Problem requirements:
The required output is the line containing "Solid Color Split-front" followed by each line through the end of the data below, repeated exactly and with nothing added.

━━━━━━━━━━

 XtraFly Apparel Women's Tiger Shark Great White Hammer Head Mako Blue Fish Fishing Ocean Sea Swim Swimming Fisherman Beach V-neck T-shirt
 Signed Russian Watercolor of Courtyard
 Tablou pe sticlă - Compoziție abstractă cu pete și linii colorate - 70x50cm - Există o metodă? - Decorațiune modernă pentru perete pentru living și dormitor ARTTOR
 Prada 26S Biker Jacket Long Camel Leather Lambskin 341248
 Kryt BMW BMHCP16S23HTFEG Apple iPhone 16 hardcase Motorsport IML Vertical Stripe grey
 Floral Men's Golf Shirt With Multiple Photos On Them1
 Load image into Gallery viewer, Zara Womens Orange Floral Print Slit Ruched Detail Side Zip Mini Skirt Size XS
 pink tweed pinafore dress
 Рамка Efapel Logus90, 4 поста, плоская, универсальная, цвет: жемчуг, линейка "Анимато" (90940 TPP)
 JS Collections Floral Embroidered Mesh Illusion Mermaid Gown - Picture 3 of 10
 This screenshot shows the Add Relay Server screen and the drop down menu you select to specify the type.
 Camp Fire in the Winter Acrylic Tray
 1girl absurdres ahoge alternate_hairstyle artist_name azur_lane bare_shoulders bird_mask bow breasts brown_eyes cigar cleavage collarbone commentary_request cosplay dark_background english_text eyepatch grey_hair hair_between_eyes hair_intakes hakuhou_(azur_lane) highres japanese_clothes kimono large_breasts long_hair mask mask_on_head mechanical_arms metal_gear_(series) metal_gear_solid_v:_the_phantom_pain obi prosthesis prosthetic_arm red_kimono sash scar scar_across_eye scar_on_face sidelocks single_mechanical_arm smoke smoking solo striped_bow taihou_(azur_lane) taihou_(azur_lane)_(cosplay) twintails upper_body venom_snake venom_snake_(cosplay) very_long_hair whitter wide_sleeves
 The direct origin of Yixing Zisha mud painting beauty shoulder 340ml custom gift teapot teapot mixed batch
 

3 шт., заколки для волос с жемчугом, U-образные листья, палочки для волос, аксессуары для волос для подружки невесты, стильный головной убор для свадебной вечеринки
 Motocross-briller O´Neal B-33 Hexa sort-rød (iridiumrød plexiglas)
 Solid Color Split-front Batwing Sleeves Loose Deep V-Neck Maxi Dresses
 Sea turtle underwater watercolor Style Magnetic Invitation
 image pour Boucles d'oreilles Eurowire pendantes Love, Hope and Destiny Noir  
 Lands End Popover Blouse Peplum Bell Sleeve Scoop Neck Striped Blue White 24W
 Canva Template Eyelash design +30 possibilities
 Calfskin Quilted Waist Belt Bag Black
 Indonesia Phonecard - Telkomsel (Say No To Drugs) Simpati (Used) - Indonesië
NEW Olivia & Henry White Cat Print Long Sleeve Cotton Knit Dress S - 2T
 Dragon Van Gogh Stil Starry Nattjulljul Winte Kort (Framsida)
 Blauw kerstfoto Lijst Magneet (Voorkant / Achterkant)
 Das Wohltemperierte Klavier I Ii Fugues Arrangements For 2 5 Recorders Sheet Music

━━━━━━━━━━

Response to this task:
 Solid Color Split-front Batwing Sleeves Loose Deep V-Neck Maxi Dresses
 Sea turtle underwater watercolor Style Magnetic Invitation
 image pour Boucles d'oreilles Eurowire pendantes Love, Hope and Destiny Noir  
 Lands End Popover Blouse Peplum Bell Sleeve Scoop Neck Striped Blue White 24W
 Canva Template Eyelash design +30 possibilities
 Calfskin Quilted Waist Belt Bag Black
 Indonesia Phonecard - Telkomsel (Say No To Drugs) Simpati (Used) - Indonesië
NEW Olivia & Henry White Cat Print Long Sleeve Cotton Knit Dress S - 2T
 Dragon Van Gogh Stil Starry Nattjulljul Winte Kort (Framsida)
 Blauw kerstfoto Lijst Magneet (Voorkant / Achterkant)
 Das Wohltemperierte Klavier I Ii Fugues Arrangements For 2 5 Recorders Sheet Music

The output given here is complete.